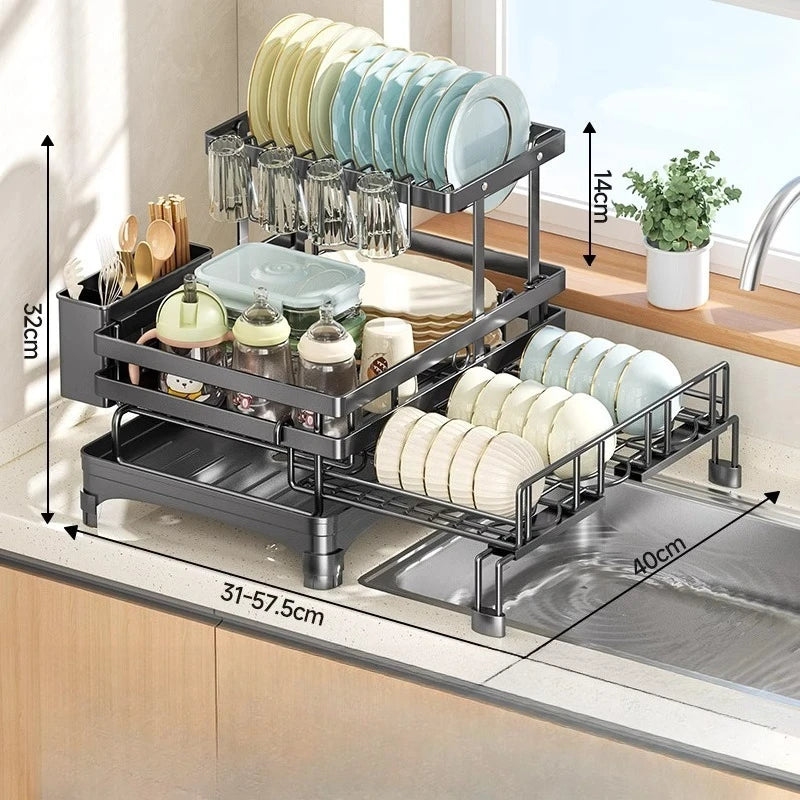 Kitchen Storage Rack, Foldable and Pull-out Cutlery Storage Platform, Double-layer Drain Basket, Bowl and Plate Storage Rack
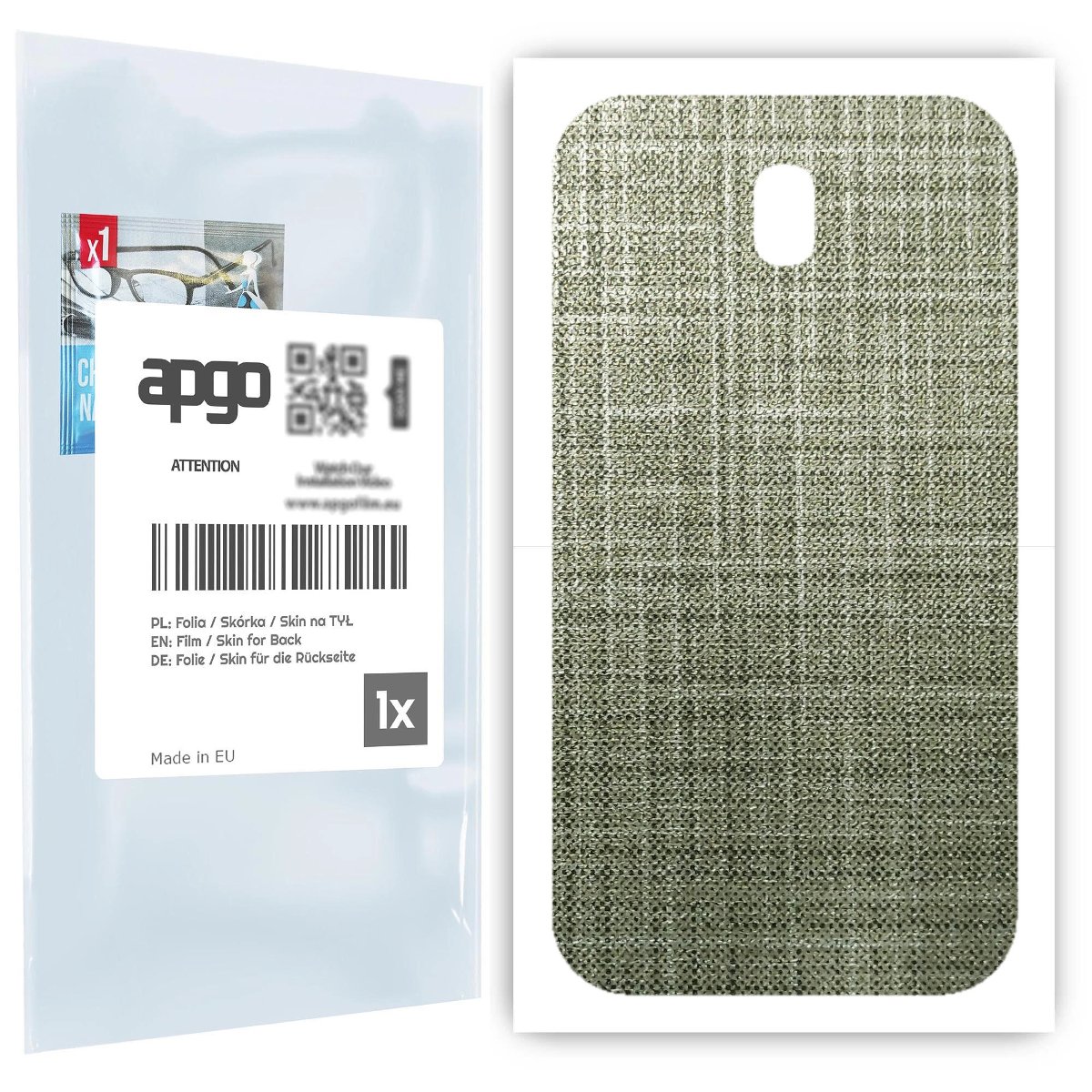 Folia naklejka skórka strukturalna na TYŁ do Samsung Galaxy J7 (2017) -  Tkanina Lniana - apgo SKINS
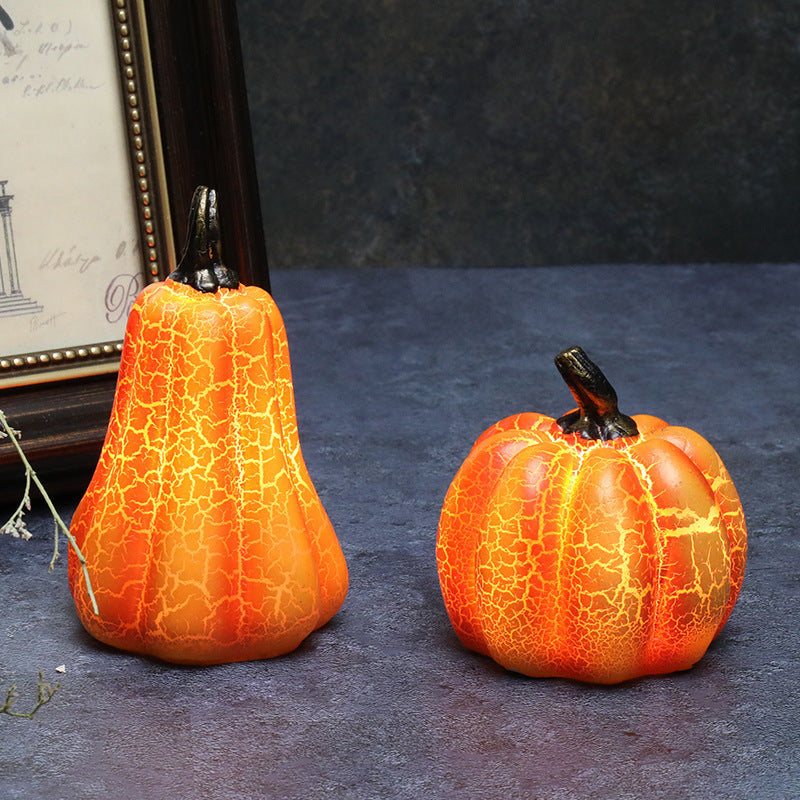 Neu Halloween Kürbis Laterne Simulation Kürbis LED Kerze Lampe Harz Leucht Kürbis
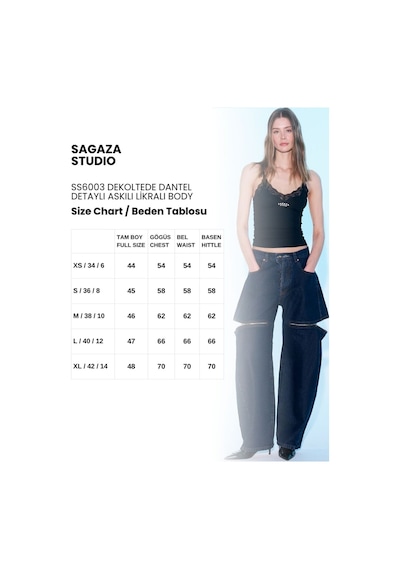 Sagaza Studio Ss6003 Likralı Body SIYAH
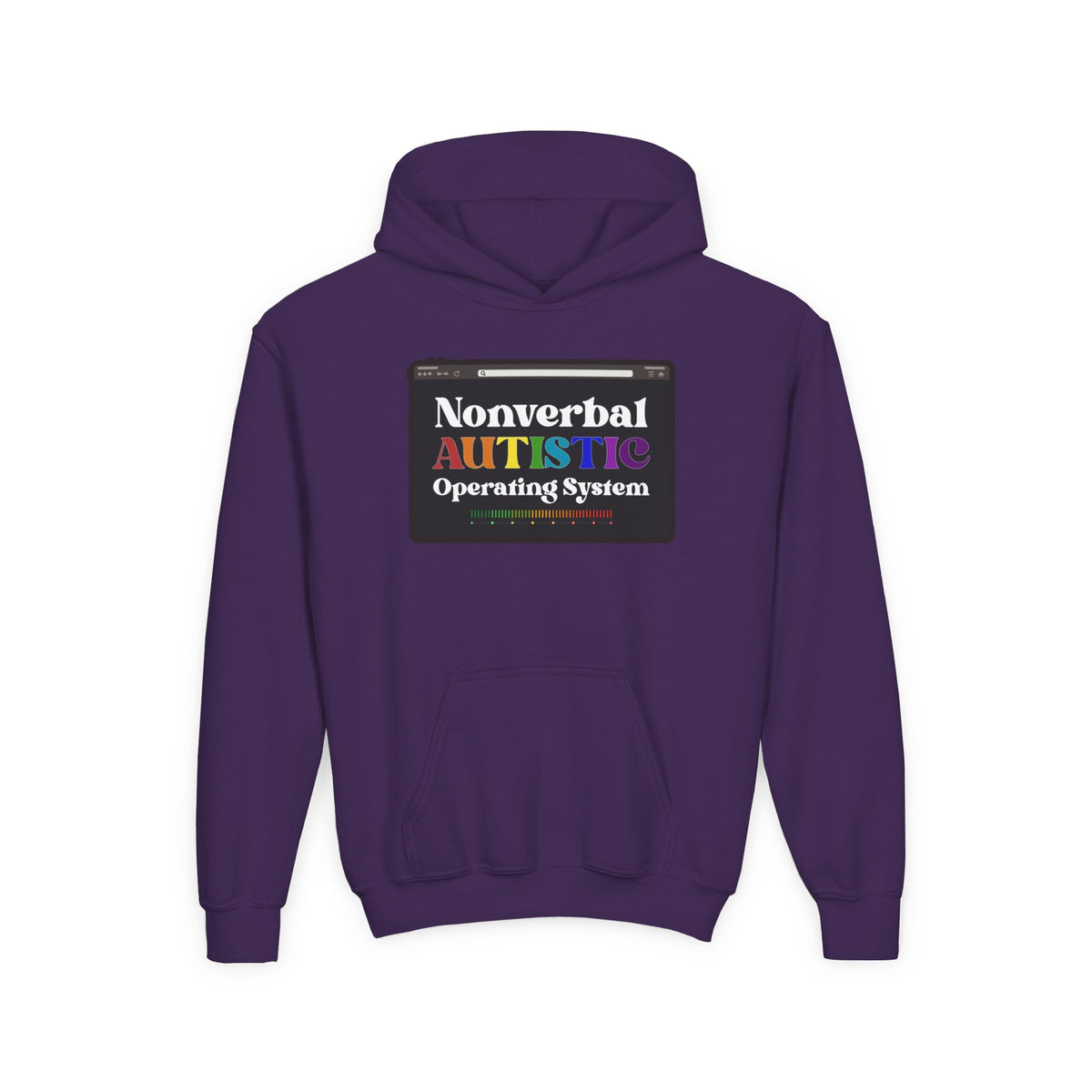 Flat front view of the Purple youth hoodie showing the colorful “Nonverbal AUTISTIC Operating System” graphic — EOWD Autism Living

━━━━━━━━━━━━━━━━━━━━━━━━━━━━━━

§ **Work required**
Copy the records exactly. Skip any pictures.

§ **Reply**
 Kitchen Storage Rack, Foldable and Pull-out Cutlery Storage Platform, Double-layer Drain Basket, Bowl and Plate Storage Rack
 Folia naklejka skórka strukturalna na TYŁ do Samsung Galaxy J7 (2017) -  Tkanina Lniana - apgo SKINS
 Neu Halloween Kürbis Laterne Simulation Kürbis LED Kerze Lampe Harz Leucht Kürbis
 Sagaza Studio Ss6003 Likralı Body SIYAH
 Flat front view of the Purple youth hoodie showing the colorful “Nonverbal AUTISTIC Operating System” graphic — EOWD Autism Living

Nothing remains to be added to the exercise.